AT&T catches a lot of heat from its customers and its competition for the state of its network in many locations. AT&T blames some of the issues with dropped calls and slow data speeds on iPhone users who consume lots of bandwidth.
In May of 2009, AT&T announced that it would begin upgrading its 3G network in some areas to new HSPA 7.2 Mbps speeds. AT&T also said at the time that it planned to double the spectrum that it allowed for 3G service in some areas.
The first six cities in the country to get the new faster HSPA 7.2 speeds from AT&T were unveiled in September 2009 and included Charlotte, Chicago, Dallas, Houston, Los Angeles, and Miami. Today AT&T has announced that its software update of all nationwide 3G cell towers to support the HSPA 7.2 service has been completed. The software update has the nationwide network of AT&T towers ready for the faster data speeds.

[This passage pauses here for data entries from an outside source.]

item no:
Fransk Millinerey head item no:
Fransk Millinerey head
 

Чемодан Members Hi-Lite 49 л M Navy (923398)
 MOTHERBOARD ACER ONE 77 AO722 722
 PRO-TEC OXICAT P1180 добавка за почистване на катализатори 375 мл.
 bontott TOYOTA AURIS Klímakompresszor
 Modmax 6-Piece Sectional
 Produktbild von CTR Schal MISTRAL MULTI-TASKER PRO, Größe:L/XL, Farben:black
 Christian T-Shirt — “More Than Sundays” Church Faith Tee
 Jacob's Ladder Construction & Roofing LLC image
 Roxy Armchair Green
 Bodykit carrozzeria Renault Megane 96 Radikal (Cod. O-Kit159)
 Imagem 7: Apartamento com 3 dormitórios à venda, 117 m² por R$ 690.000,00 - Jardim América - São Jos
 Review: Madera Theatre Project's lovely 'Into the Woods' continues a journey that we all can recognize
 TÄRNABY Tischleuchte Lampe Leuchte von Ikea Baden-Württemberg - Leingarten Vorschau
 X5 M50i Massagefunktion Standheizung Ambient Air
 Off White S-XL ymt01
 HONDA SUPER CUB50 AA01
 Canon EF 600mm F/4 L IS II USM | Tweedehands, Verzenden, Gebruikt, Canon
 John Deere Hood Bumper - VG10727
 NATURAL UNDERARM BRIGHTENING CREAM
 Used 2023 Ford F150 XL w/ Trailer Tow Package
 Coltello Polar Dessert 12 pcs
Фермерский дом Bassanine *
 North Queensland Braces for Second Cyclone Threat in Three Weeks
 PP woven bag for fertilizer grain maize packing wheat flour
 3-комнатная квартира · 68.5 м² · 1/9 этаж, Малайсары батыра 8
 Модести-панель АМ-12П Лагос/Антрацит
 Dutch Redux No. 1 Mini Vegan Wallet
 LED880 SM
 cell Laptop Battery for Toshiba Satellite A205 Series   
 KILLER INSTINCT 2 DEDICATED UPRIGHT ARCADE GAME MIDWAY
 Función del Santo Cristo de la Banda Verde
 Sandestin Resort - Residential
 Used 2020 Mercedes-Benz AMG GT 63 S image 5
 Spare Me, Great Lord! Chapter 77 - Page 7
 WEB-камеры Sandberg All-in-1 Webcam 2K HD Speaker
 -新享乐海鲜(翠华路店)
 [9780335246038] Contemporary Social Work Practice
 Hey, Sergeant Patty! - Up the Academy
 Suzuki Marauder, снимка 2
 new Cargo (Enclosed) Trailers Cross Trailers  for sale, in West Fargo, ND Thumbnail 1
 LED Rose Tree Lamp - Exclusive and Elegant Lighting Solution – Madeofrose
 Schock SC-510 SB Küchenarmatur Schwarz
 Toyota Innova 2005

AT&T reports that it decided to expedite the roll out of the software update to provide better customer experience and improve consistency in data sessions. The software update sets the table for the 7.2Mbps speeds to come later in 2010 and in 2011 as additional backhaul connections are added to support the higher speeds.
“We are focused on providing our customers with the industry’s best combination of mobile broadband speed, performance, coverage and available devices,” said John Stankey, president and CEO, AT&T Operations, who announced the network updates at the Citigroup 20th Annual Global Entertainment, Media & Telecommunications Conference today. “As we light up new backhaul connections across the country, we’re able to deliver a meaningful 3G speed boost for millions of customers who are already using HSPA 7.2-compatible devices. At the same time, we’re also looking to the future with these backhaul enhancements, which will support our move to next-generation LTE technology starting in 2011.”
AT&T says that it already has ten HSPA 7.2 devices on the market today including the highly popular iPhone 3GS along with nine others. More HSPA 7.2 handsets are in the works for 2010. The backhaul updates for the AT&T towers are a key part of the transition to LTE that is coming as well.
“Even as we look forward to LTE, 3G will be the predominant mobile broadband network technology worldwide for smartphones for the next few years,” said Stankey. “AT&T’s strategy will deliver faster 3G speeds over the next two years, while also allowing us to build the foundation for the LTE future.”
AT&T still plans to begin trials of LTE service in 2010 and will begin LTE deployment in 2011. With the six cities previously mentioned being the first to get the HSPA 7.2 speed upgrade that includes the additional backhaul connections needed for LTE, odds are these will also be the LTE testing areas and among the first to get LTE service when it is available.